Freuen renovated the 600-square-foot building, cutting back on studio space to create a kitchen and dining area, adding a second floor sleeping area, and plenty of places to showcase art throughout.
Numerous built-in shelves hold her own ceramics, those of former students, and works from her travels, including a trip to Turkey, and from regional artists like Mardis Nenno and Chris Antemann. The walls are covered with works by such artists as Harold Balazs, Robert Grimes, Mel McCuddin and both Freuen's sister Kay O'Rourke, and her mother, the late Dede McKay.
A Gonzaga University instructor for 20 years and longtime artist, Freuen is entrenched in the regional arts community. Right now she works one-on-one with a few students from Mead School District's Riverpoint Academy where daughter Regan Drew worked before the school's closure. She is an exhibiting partner at Trackside Studio Ceramic Art Gallery in Spokane, where she helps manage guest shows.
Freuen also displays work inside her home studio, such as during the annual Little Spokane River Studio Tour in September, which she helped found in 2008.
The 12-by-15 studio is light-flooded and well-organized, with a potter's wheel, buckets of glaze, bags of clay and a long central table. "You don't need fancy tools," says Freuen, who does a combination of hand-building and wheel-throwing.
"Sometimes pieces are only wheel-thrown then altered through carving, stamping, kind of a repoussé approach," Freuen says. "Sometimes they are slab-built. Whatever suits the form I am working on."
Freuen's teapots might be the most recognizable of her ceramic work. "I feel like my work has gone way beyond teapots, but I enjoy making them as part of my regular studio regimen," she says. "I like their whimsy and the problem solving decisions that go into making them."
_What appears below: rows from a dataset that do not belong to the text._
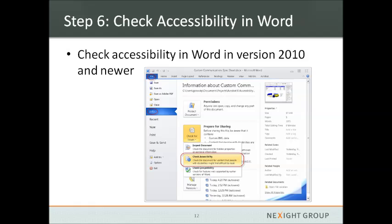Sixth, if you have Word 2010 or newer, they've added a feature to check accessibility within the Word document before you export it to a PDF. Go to File, Info, Check for Issues, and Check Accessibility. This will provide a brief overview of any accessibility issues that you can correct in Word before making it a PDF.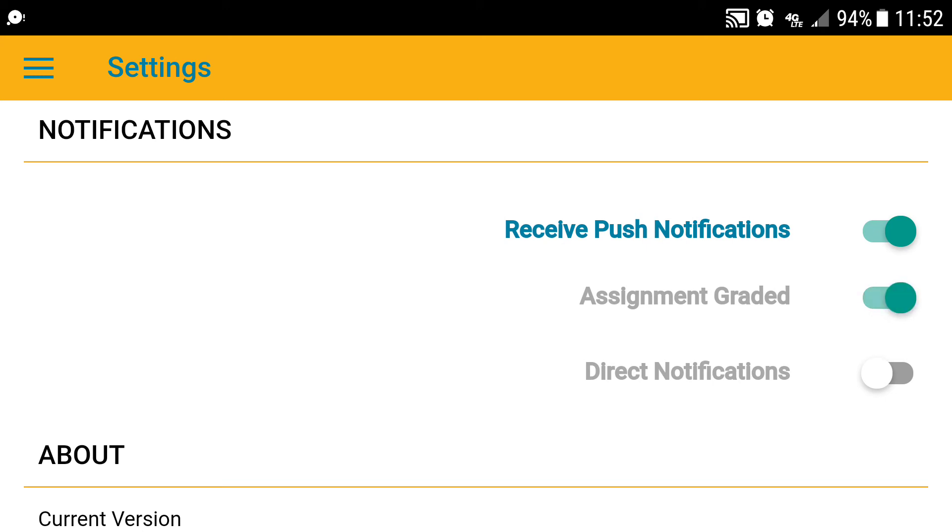Once you do this, you will receive an automated notification on your mobile device every time a grade is entered for your children. We do not use direct notifications in the district, so don't worry about turning that on.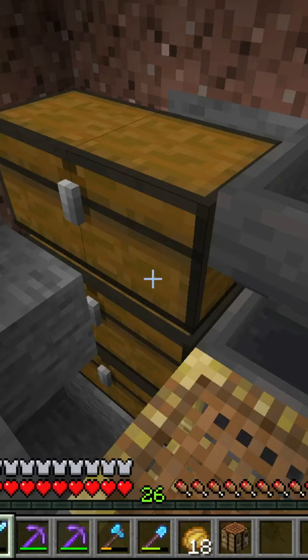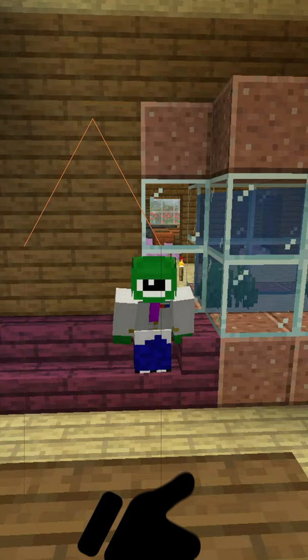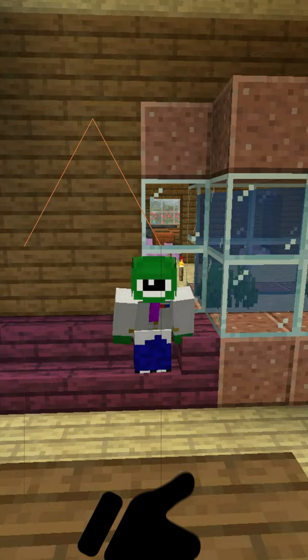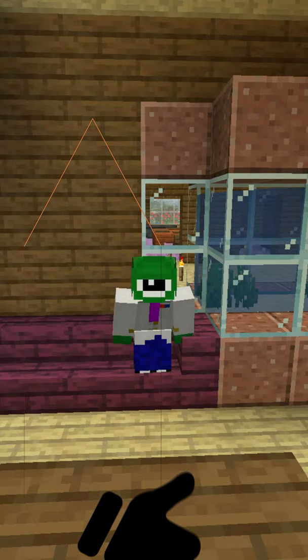That's how you see the durability of your tool or your armor in Minecraft. Thank you for watching that clip from iCraftMC. Be sure to like and comment on this video, and subscribe to see more Minecraft content.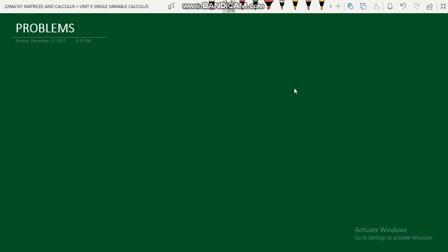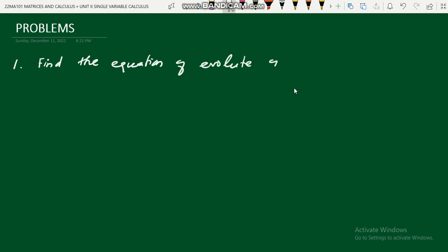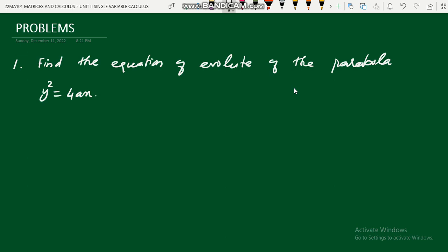Welcome to the video. In the last video we discussed the definition of evolute, the parametric equations of basic curves, and the working rule to find the evolute of a given curve. In this video we will discuss some problems on how to find the evolute of a given curve. First we will take a parabola.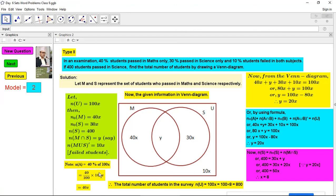We calculate easily when we suppose 100x because 100 upon 100 cancels, giving whole numbers. For instance, 40% of 100x equals 40x directly. If we suppose only x, then 40% of x is 0.4x, which is more difficult. Some textbooks suppose the universal set as 100, but that creates a contradiction: if we find the total is 800, the student wonders how the universal set can be both 100 and 800 — that is confusing.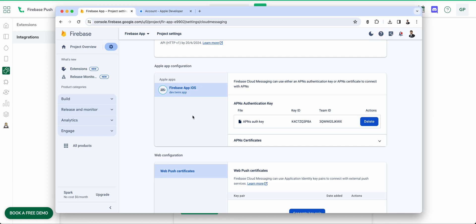That's it! Our Firebase push notification feature is now fully enabled end-to-end, supporting both Android and iOS. You'll be able to send notifications to all your Android and iOS devices. If you have any other questions, feel free to reach out via live chat or email us at hello@twinner.dev. Thank you everyone — see you in the next video.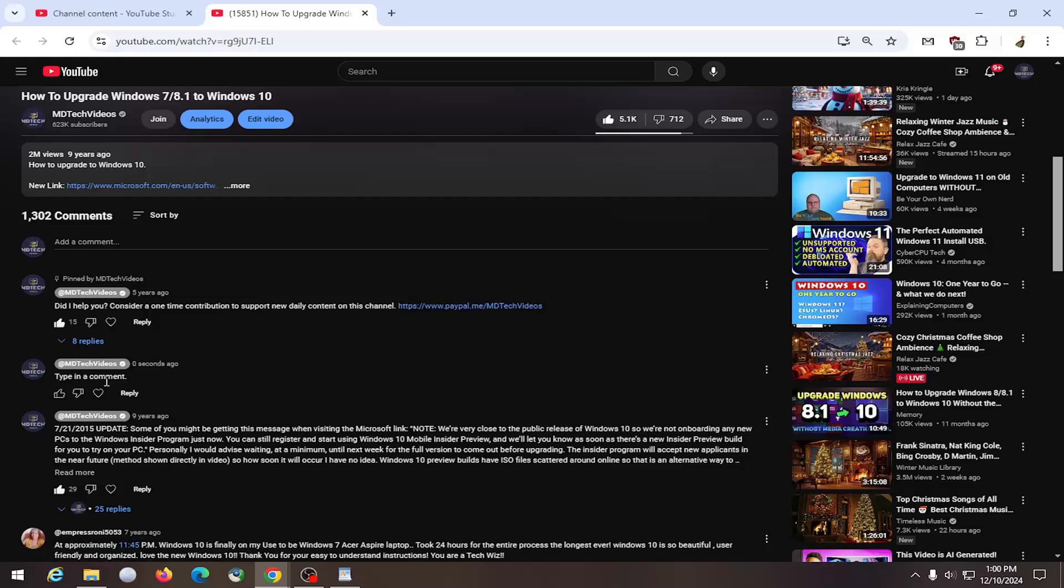If there's certain keywords in your comment that might be filtered out by the channel owner, you may have an issue that your comment is shadow banned. So just keep that in mind.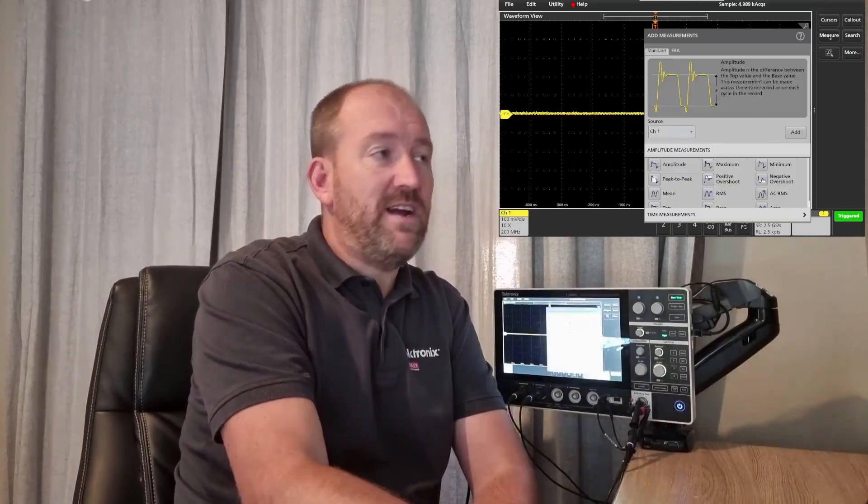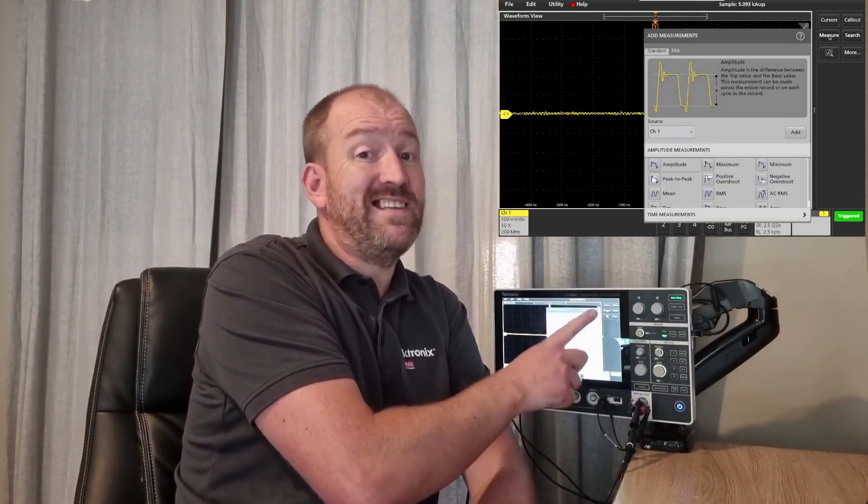To access the FRA controls, you simply go to the measure icon. I've got my 2 Series hooked up to VNC so you can see the screen. Hit the FRA tab and then bring in the Bode plot measurement by double clicking.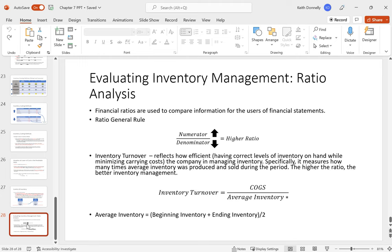The inventory turnover ratio reflects how efficiently a company manages its inventory — specifically, how many times on average inventory is produced and sold during the period. The higher the ratio, the better the company is at managing inventory. The formula is: cost of goods sold divided by average inventory, where average inventory equals (beginning inventory + ending inventory) ÷ 2.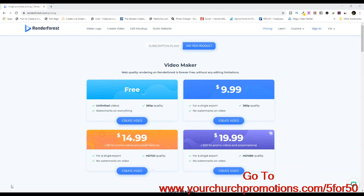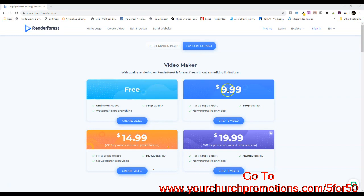I came to a very popular and well-known website that offers video rendering. You can see it's called renderforest.com. Their pricing — you can actually create a free video intro, but they have watermarks on everything for free. To get the watermark removed, you have to jump up to $10 pricing. So what we are offering is 5 for $50 — obviously $10 a video intro.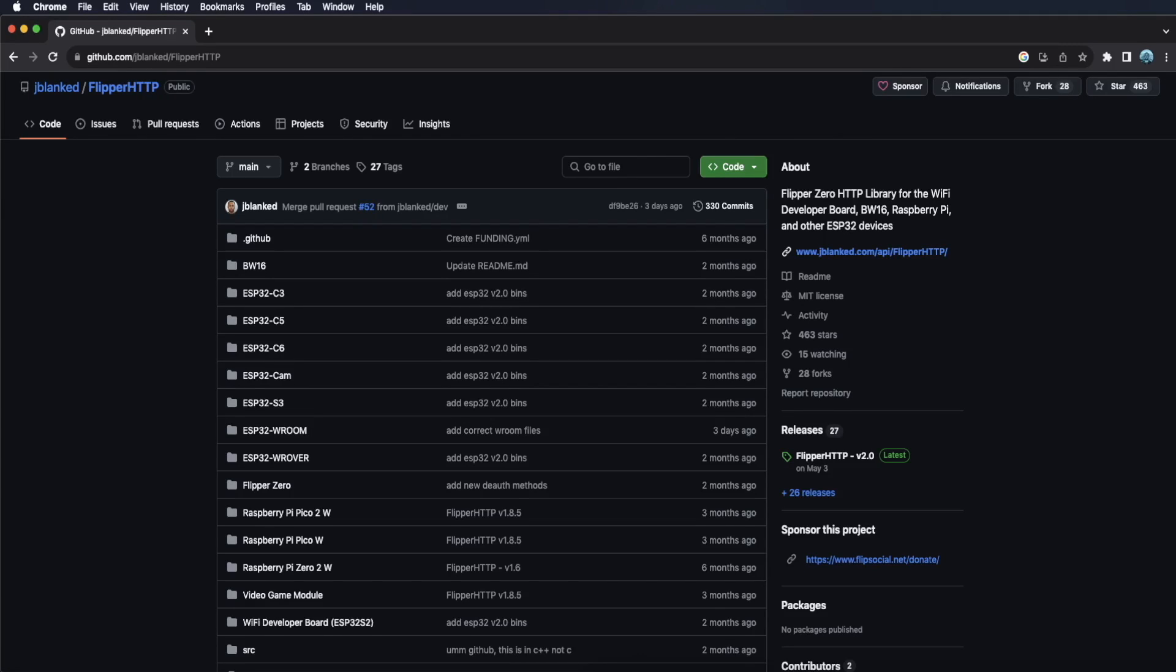Yo, JBlank here. Today, I'm gonna show you the fastest way to flash your Wi-Fi dev board with Flipper HTTP using just your web browser.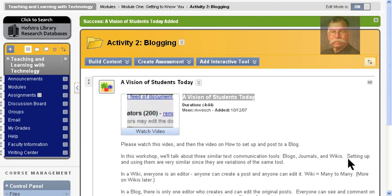Hi, this is Paul Carson, and this is a short video on how to set up and use the blog tool. Now that we have a video for you to watch, we want you to be able to share your thoughts on the video.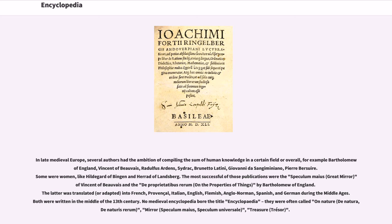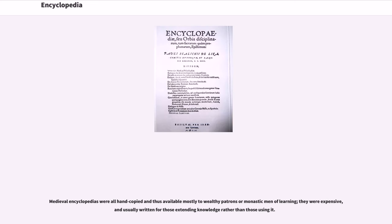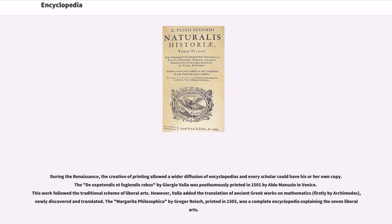No medieval encyclopedia bore the title encyclopedia; they were often called On Nature (de natura, de naturis rerum), Mirror (speculum maius, speculum universale), or Treasure (tresor). Medieval encyclopedias were all hand-copied and thus available mostly to wealthy patrons or monastic men of learning; they were expensive and usually written for those extending knowledge rather than those using it. During the Renaissance, the creation of printing allowed a wider diffusion of encyclopedias and every scholar could have his or her own copy. The De Expetendis et Fugiendis Rebus by Giorgio Valla was posthumously printed in 1501 by Aldo Manuzio in Venice, following the traditional scheme of liberal arts, though Valla added translations of ancient Greek works on mathematics, firstly by Archimedes, newly discovered and translated. The Margarita Philosophica by Gregor Reich, printed in 1503, was a complete encyclopedia explaining the seven liberal arts.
Her studio, although small, has three doors. One leads to the house, the other to the covered slab of concrete where she has several kilns for firing work. The largest is fueled by wood, versus electricity or gas, and it is where she does "soda firing," a multiday firing process that produces unusual and desirable glaze effects.
The third door is a remnant from her former home, a heavy door with pencil marks where children's and now grandchildren's heights have been recorded, a reminder of the importance of family.